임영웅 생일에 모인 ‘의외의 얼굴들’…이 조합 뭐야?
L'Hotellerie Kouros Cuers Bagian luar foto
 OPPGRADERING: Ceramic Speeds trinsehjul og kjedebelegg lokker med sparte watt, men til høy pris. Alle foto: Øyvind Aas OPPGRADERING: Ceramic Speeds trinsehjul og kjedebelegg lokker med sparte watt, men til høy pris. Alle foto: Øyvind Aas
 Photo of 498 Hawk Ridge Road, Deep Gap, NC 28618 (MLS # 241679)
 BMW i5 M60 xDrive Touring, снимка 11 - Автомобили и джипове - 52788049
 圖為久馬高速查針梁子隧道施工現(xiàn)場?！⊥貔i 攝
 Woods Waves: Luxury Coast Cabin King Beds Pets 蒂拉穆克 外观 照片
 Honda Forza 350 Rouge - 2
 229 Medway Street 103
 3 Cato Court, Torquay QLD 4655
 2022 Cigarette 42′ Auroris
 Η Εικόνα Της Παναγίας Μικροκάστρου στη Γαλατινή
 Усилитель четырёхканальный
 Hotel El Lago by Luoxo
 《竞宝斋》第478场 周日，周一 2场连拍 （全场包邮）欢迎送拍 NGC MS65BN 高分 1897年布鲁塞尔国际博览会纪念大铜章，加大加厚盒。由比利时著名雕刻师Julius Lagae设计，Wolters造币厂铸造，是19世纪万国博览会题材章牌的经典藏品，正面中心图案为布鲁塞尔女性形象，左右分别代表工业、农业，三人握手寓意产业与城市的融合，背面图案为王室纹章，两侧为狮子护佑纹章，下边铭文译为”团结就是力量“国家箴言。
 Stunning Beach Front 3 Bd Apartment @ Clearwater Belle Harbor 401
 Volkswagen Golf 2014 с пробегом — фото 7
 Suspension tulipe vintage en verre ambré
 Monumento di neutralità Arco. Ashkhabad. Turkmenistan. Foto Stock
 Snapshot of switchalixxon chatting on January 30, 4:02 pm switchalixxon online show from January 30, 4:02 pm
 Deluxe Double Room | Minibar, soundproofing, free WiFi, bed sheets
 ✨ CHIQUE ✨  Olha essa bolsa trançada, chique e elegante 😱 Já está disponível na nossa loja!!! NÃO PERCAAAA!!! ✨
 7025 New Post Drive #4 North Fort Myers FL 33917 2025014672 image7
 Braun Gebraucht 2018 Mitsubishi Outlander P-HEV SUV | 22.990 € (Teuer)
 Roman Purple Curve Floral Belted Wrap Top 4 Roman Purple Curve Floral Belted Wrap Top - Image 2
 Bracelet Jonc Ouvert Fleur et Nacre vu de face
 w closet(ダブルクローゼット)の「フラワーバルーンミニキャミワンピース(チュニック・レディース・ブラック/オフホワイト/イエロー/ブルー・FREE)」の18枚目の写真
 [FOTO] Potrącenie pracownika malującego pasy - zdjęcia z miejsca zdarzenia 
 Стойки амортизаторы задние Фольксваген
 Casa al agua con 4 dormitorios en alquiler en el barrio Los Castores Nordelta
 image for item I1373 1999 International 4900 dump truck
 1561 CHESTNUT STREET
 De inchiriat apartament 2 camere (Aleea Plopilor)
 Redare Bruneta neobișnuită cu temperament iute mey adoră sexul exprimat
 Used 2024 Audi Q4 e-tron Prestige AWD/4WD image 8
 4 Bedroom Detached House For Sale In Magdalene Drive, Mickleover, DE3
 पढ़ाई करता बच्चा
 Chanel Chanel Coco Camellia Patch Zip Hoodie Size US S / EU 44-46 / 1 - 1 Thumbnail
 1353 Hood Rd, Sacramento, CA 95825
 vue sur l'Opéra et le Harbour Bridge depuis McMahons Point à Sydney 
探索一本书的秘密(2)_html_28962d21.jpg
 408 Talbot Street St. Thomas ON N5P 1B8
###
Take the listing above and repeat exactly the lines from the one containing "Snapshot of switchalixxon" through the one containing "Braun Gebraucht 2018", both included.

 Snapshot of switchalixxon chatting on January 30, 4:02 pm switchalixxon online show from January 30, 4:02 pm
 Deluxe Double Room | Minibar, soundproofing, free WiFi, bed sheets
 ✨ CHIQUE ✨  Olha essa bolsa trançada, chique e elegante 😱 Já está disponível na nossa loja!!! NÃO PERCAAAA!!! ✨
 7025 New Post Drive #4 North Fort Myers FL 33917 2025014672 image7
 Braun Gebraucht 2018 Mitsubishi Outlander P-HEV SUV | 22.990 € (Teuer)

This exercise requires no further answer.